Fez-se, então silêncio no salão, o tipo de silêncio que comprime os tímpanos, que parece vasto demais para ser contido entre as paredes.
“Entreguem-me Harry Potter”, disse a voz de Voldemort, “e ninguém sairá ferido. Entreguem-me Harry Potter e serão recompensados.
Terão até meia-noite.”

O silêncio tornou a engoli-los. Todas as cabeças se viraram, todos os olhares no salão pareciam ter encontrado Harry, para mantê0lo congelado à luz de milhares de raios invisíveis. Então, uma pessoa se levantou à mesa da Sonserina e ele reconheceu Pansy Parkinson, no momento em que ela esticou para o alto um braço trêmelo e gritou:
– Mas ele está ali! Poter está ali! Agarrem ele!
Antes que Harry pudesse falar, houve um movimento massivo. Os alunos da Grifinória tinham se erguido à sua frente e encaravam, não Harry, mas os colegas da Sonserina.
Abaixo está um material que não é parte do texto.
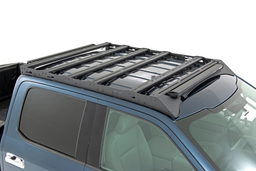 Roof Rack with Black Series LED Light Bars for F-150 (2015–2018) shown installed, Rough Country 51022
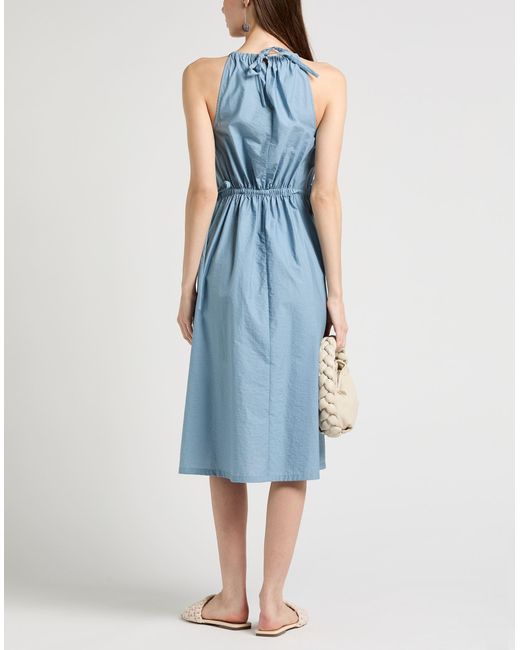 Brunello Cucinelli Blue Midi-Kleid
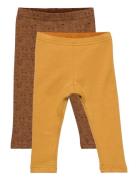 Leggings W.aop Brown Pippi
Em seguida, os da Lufa-Lufa se puseram de pé e, quase no mesmo momento, os da Cornival, todos de costas para Harry, todos olhando para Pansy, e Harry, aterrado e sufocado, viu varinhas surgirem por todo lado, sacadas de capas e mangas.
– Obrigada, srta. Parkinson – disse professora McGonagall, em tom seco. – Será a primeira a deixar o salão com o sr. Filch. Se os demais alunos de sua Casa puderem acompanhá-la…”
RdM, cáp 31, pág. 475


Epílogo – Dezenove anos depois

“De volta à plataforma, eles encontraram Lílian e Hugo, o irmão mais novo de Rosa, entretidos em uma animada discussão sobre a Casa para a qual seriam selecionados, quando finalmente fossem para Hogwarts.
– Se você não for para a Grifinória, nós o deserdaremos – ameaçou Rony –, mas não estou pressionando ninguém.”
RdM, Epílogo, pág. 587

“ – Então aquele é o pequeno Escórpio – comentou Rony em voz baixa. – Não deixe de superá-lo em todos os exames, Rosinha. Graças a Deus você herdou a inteligência da sua mãe.”